[JBoss JIRA] (MODCLUSTER-372) Number of registered contexts negatively affects mod_cluster performance
by Radoslav Husar (JIRA)
[ https://issues.jboss.org/browse/MODCLUSTER-372?page=com.atlassian.jira.pl... ]
Radoslav Husar reassigned MODCLUSTER-372:
-----------------------------------------
Assignee: Jean-Frederic Clere (was: Michal Babacek)
> Number of registered contexts negatively affects mod_cluster performance
> ------------------------------------------------------------------------
>
> Key: MODCLUSTER-372
> URL: https://issues.jboss.org/browse/MODCLUSTER-372
> Project: mod_cluster
> Issue Type: Bug
> Affects Versions: 1.2.4.Final, 1.2.6.Final
> Environment: RHEL6, other platforms are to be confirmed.
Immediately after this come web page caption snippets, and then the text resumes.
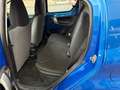 Toyota Aygo 1.0 VVT-i Comfort Blauw - thumbnail 9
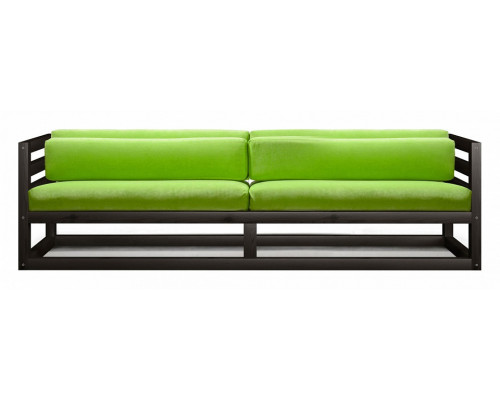 Диван Магнус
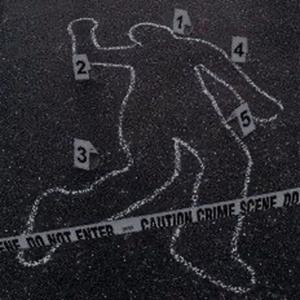 CRIMES ET CHRONIQUES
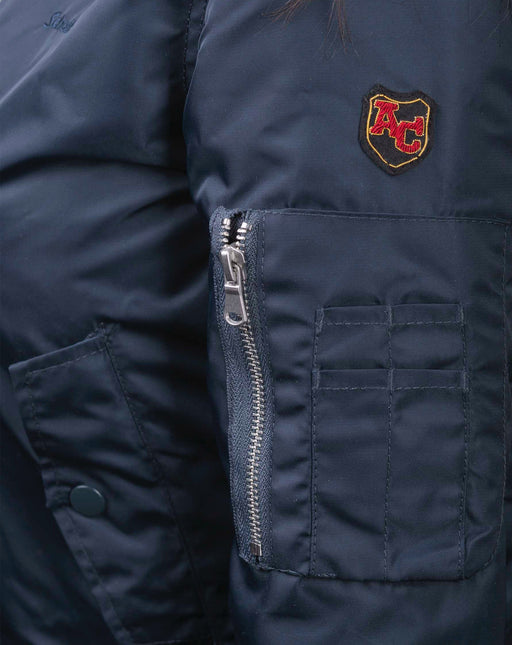 Schott_Bomber_Navy_D
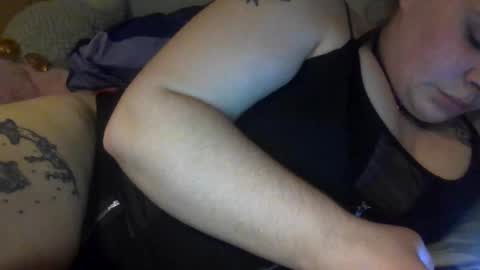 devykitten online show from January 2025 07:22:01 AM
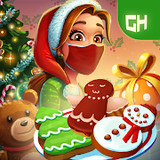 Delicious - Christmas Carol<span>(Unlocked)</span>17.0_Popularmodapk.com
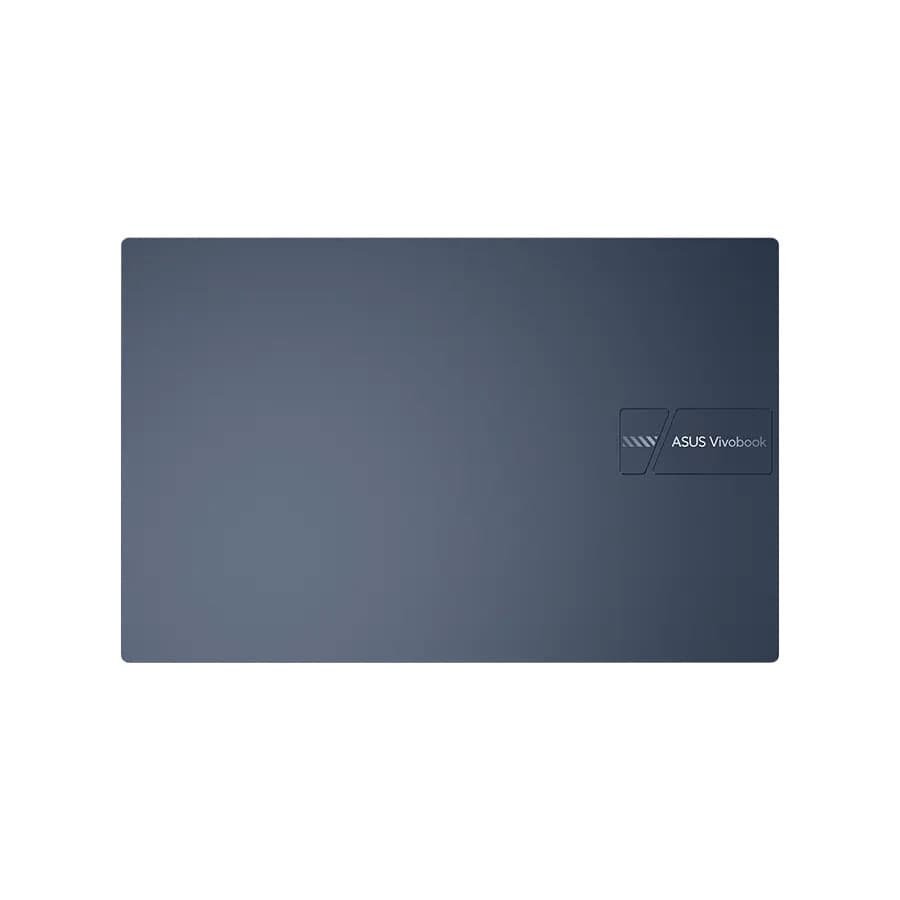 لپ تاپ ایسوس 15.6 اینچی مدل VivoBook 15 X1504VAP Core 3 100U 8GB DDR5 512GB — تصویر ۴
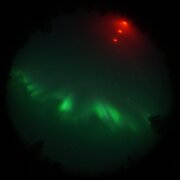 aurora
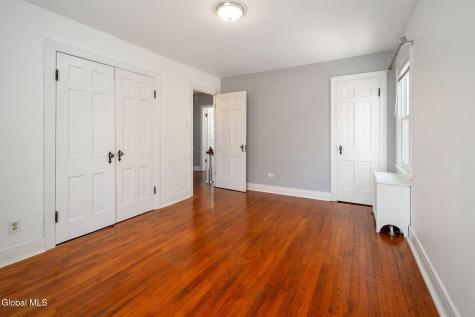 134 Rosemont Street Albany NY 12203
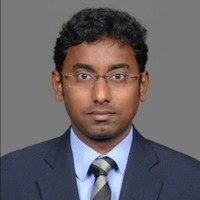 Mohammed Wasim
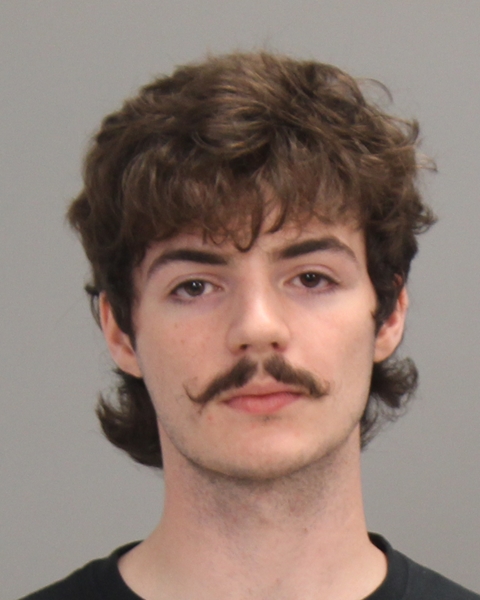 TERAN, EAN RENE arrest record in Brazos County, Texas TERAN, EAN RENE arrested in Brazos County, Texas mugshot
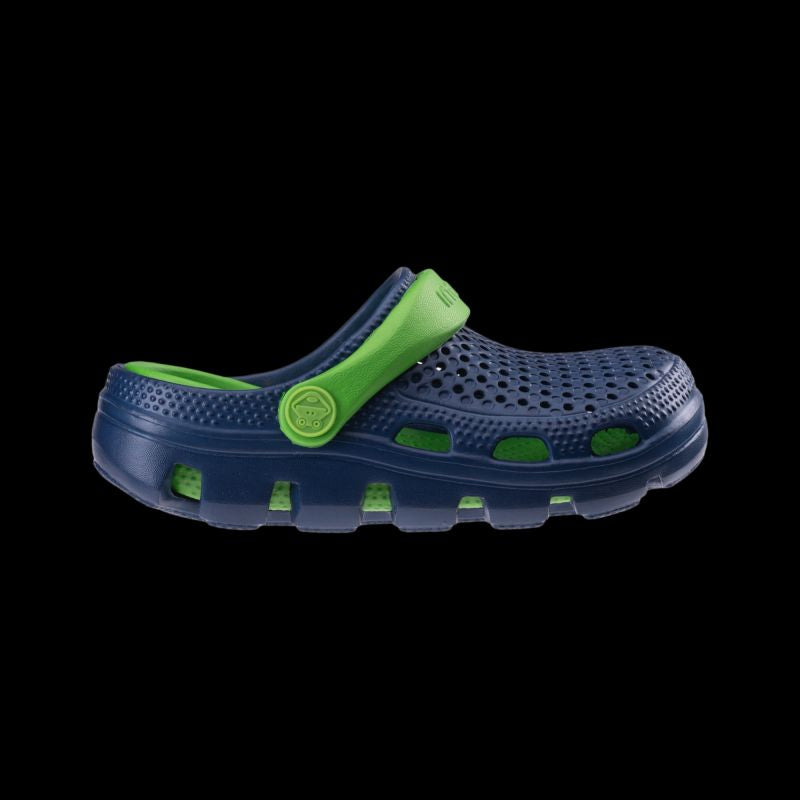 Children's BUGY Sandals Coqui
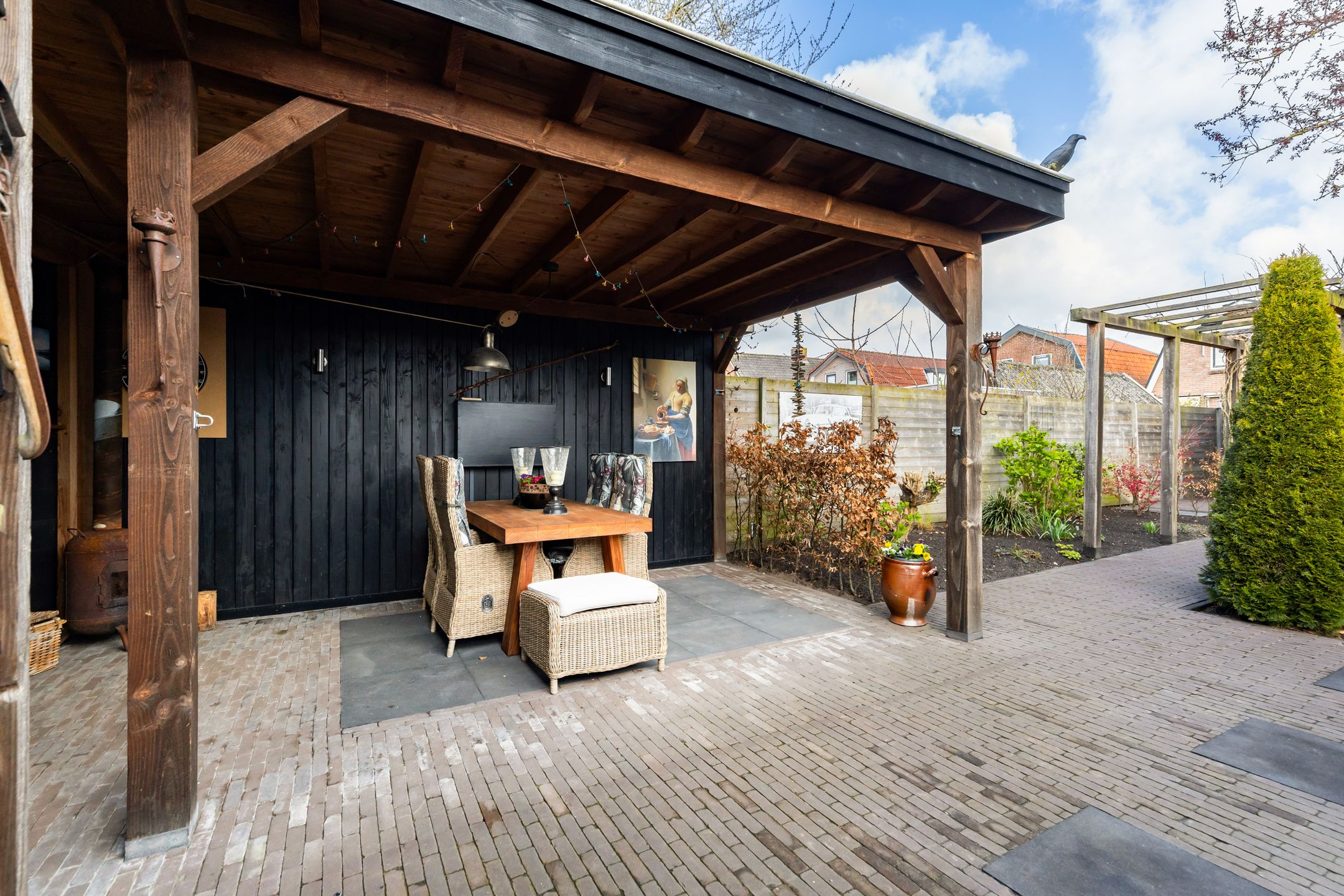 Foto 27 van Wallerstraat 47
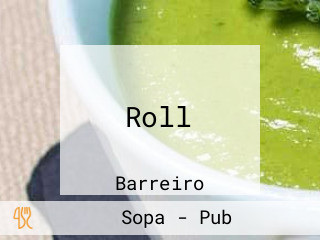 Roll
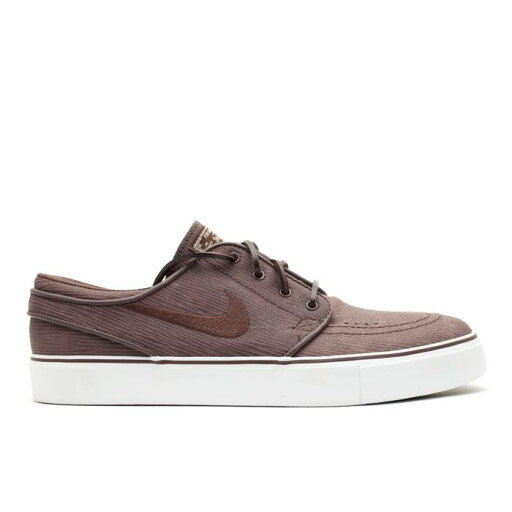 ナイキ Nike 【 Zoom Stefan Janoski Premium Sb 'Wood Grain' Men Boulder/Boulder-White 】 ズーム Premium プレミアム エスビー 靴 メンズ靴 スニーカー メンズ ナイキ Nike 【 Zoom Stefan Janoski Premium Sb 'Wood Grain' Men Boulder/Boulder-White 】 ズーム Premium プレミアム エスビー 靴 メンズ靴 スニーカー メンズ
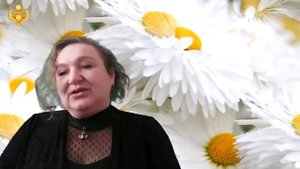 Утренний кофе с Ириной Шуйской. "Магическая гигиена" . 28 День.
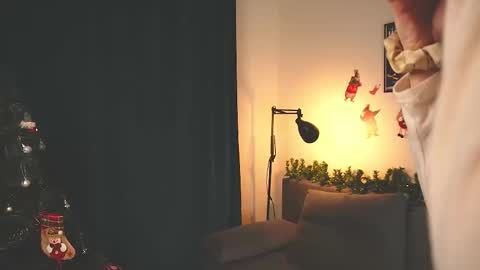 Ella online show from 8, 1, 2026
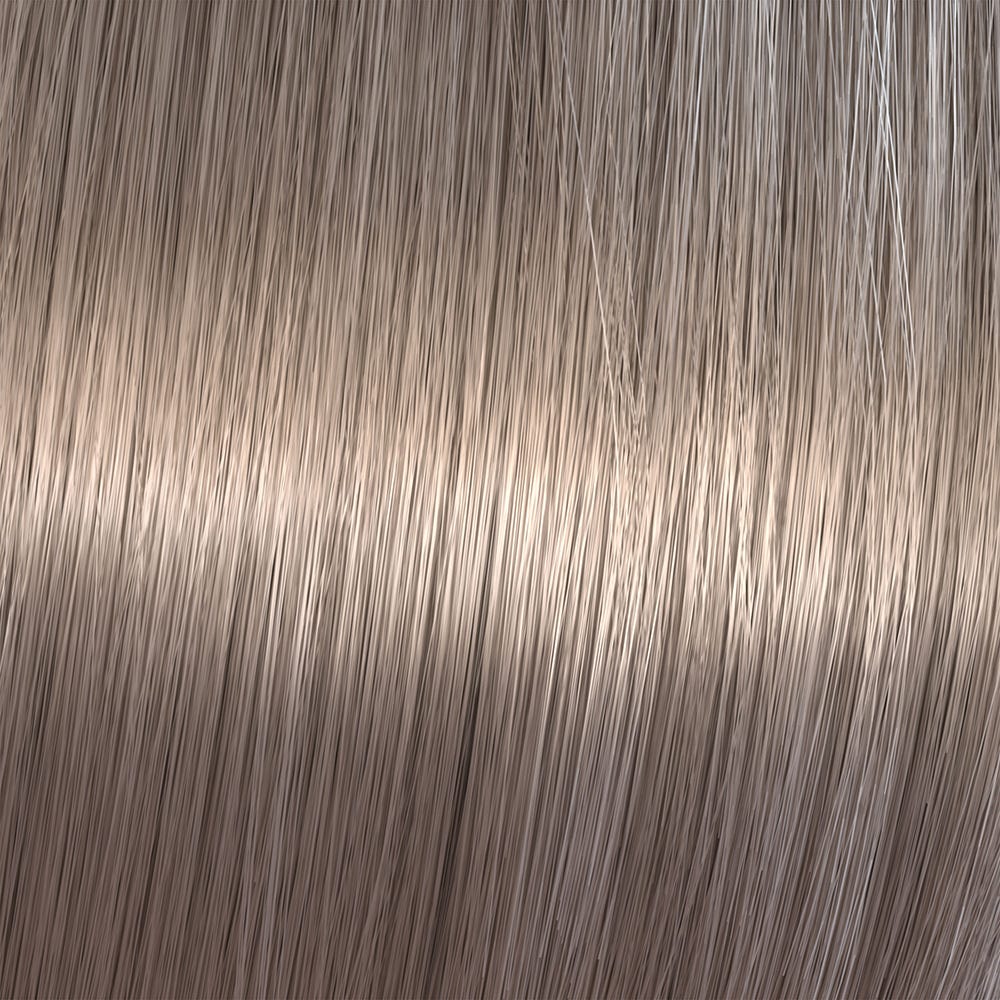 12100553-Farbe-Deep Walnut 06/07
> Reporter: Michal Babacek
> Assignee: Jean-Frederic Clere
> Labels: mod_cluster, performace
> Fix For: 1.3.0.Alpha2, 1.2.8.Final
>
> Attachments: 4-workers-1-context-balancer-cpu.png, 4-workers-61-context-accessing-1-balancer-cpu.png, 9-workers-1-context-balancer-cpu.png, 9-workers-31-context-accessing-1-balancer-cpu.png, 9-workers-31-context-round-robin-balancer-cpu.png, callgrind.zip, httpd.conf
>
>
> There is a performance concern regarding CPU usage on the Apache HTTP Server with mod_cluster set up as a load balancer. Perf tests revealed that the major variable affecting the CPU usage is the overall number of registered contexts. It's noteworthy that these contexts actually don't need to be accessed at all, it's enough that they are present.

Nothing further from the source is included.